The drawback is that the LLM sees a skill is available but cannot read its instructions. When the agent determines a non-TOP skill is actually relevant, it had no way to retrieve its content. load_skill closes that gap.

How it works

When native tool use is enabled, load_skill is registered alongside other tools (shell, file, web scrape, etc.) and exposed to the LLM via the tool catalog.

Signature:

{
  "tool": "load_skill",
  "parameters": {
    "skill_name": "<name from other_skills catalog>"
  }
}

The tool reads the skill body from the shared in-memory registry (which holds all registered skills, not just the top-K). The body is returned as the tool result and the LLM continues inference with the full instructions now in context.

When to use it

The LLM should call load_skill when:

  1. A skill appears in <other_skills> by name and description.
  2. The description suggests that skill contains instructions relevant to the current task.
  3. The full instructions are needed to proceed correctly.

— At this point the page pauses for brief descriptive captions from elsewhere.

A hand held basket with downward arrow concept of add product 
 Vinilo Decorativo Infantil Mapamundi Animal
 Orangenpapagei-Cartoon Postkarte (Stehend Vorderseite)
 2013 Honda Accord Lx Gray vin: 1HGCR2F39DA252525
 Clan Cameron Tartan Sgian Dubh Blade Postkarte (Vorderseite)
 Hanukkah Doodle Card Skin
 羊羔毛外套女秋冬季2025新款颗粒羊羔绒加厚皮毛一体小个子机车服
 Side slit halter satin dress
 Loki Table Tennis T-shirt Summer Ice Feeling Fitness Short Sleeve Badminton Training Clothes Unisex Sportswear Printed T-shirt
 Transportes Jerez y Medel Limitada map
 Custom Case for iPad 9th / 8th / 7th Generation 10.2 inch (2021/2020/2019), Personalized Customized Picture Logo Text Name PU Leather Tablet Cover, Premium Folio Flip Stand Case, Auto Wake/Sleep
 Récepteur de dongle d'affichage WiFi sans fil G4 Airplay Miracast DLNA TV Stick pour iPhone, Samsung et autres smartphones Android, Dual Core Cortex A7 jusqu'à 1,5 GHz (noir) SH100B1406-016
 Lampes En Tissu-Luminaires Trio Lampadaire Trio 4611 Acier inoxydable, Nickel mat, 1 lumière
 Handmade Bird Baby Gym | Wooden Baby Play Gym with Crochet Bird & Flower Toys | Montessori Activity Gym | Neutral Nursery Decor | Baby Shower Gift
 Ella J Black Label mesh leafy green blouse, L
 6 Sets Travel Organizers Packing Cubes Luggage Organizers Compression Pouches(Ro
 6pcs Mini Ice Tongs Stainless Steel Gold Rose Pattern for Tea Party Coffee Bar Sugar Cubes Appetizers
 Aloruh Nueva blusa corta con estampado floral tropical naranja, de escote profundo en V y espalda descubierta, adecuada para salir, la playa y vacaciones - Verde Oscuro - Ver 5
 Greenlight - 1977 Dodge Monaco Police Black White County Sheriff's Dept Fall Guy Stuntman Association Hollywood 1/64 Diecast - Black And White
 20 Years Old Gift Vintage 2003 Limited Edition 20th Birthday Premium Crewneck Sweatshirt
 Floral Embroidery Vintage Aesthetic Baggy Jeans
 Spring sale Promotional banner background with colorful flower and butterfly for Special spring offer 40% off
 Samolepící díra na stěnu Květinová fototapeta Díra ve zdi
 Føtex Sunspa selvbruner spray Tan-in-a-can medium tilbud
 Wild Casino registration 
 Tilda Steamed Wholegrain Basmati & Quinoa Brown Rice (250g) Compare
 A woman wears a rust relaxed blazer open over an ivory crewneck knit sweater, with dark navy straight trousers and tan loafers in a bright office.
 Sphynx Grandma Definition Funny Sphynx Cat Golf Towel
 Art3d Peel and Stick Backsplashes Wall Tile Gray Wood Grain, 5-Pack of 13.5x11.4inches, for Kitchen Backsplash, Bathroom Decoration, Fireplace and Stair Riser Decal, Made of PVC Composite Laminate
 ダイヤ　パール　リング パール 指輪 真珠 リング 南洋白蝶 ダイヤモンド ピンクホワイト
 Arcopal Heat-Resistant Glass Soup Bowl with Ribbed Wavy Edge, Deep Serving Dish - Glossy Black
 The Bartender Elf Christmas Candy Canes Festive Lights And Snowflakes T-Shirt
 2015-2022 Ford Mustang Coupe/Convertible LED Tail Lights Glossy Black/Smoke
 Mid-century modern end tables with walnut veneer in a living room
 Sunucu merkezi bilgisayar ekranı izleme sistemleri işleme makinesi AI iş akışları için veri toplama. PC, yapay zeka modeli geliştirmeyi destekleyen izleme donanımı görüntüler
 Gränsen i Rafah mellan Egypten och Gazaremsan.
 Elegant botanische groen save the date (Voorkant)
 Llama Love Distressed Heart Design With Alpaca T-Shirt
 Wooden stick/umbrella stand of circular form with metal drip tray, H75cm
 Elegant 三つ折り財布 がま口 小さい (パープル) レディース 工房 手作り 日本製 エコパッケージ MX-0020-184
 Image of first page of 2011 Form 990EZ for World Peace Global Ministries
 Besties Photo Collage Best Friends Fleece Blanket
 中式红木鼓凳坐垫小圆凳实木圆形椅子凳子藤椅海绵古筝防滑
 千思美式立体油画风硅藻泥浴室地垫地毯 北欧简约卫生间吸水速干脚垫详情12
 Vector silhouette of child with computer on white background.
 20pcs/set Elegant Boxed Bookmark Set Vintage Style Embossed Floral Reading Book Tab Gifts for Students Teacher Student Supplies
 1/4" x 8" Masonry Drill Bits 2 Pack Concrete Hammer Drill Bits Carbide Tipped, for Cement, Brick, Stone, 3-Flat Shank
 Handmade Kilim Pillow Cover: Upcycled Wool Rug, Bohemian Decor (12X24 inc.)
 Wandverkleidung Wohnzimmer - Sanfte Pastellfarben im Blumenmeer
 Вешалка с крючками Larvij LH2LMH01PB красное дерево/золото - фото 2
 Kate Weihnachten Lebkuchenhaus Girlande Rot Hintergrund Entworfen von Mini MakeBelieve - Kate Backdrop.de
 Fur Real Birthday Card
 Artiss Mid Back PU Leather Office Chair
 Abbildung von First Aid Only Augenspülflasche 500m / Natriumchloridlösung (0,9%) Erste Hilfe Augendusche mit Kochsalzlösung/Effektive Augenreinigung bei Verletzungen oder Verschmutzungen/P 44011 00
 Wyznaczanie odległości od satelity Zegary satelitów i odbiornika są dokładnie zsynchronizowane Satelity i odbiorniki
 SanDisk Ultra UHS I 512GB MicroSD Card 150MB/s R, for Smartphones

Example: the user asks to generate an MCP bridge. The mcp-generate skill did not rank in the top-K for this session, but its name and description appear in <other_skills>. The LLM calls load_skill("mcp-generate") to retrieve the full instructions before generating the bridge.

Note

load_skill is only useful with native tool use (providers that support structured tool_use responses). In legacy bash-block mode the tool is not exposed.

Security model

  • Read-only: the tool only reads from the registry. It cannot create, modify, or delete skills.
  • Registry-scoped: only skills present in the runtime registry can be loaded. Arbitrary file paths are not accepted — the parameter is a skill name, not a path.
  • Size cap: bodies are passed through truncate_tool_output, which caps output at 30,000 characters. If a body exceeds this limit, the tool returns the head and tail of the body with a truncation notice in the middle.
  • No path traversal: body loading goes through SkillRegistry::get_body, which reads from the pre-validated path stored at registry load time. No user-supplied path is ever resolved at call time.

Error cases

SituationTool result
Skill name not in registryskill not found: <name>
Registry lock poisoned (internal error)ToolError::InvalidParams returned to the agent loop
skill_name field missing from parametersToolError from parameter deserialization
Body exceeds 30,000 charactersTruncated body with notice: [... N chars truncated ...]

All error messages are descriptive and include the skill name where applicable, so the LLM can report the issue to the user or try an alternative skill.

Relationship to skill matching

load_skill complements — it does not replace — the automatic top-K matching. The matching pipeline runs first and selects the most semantically relevant skills for the current query. load_skill is a fallback for cases where the matcher did not rank a skill highly enough but the LLM’s own reasoning identifies it as relevant.

If you find yourself repeatedly needing load_skill for the same skill, that skill’s description or trigger keywords may need tuning so the matcher picks it up automatically.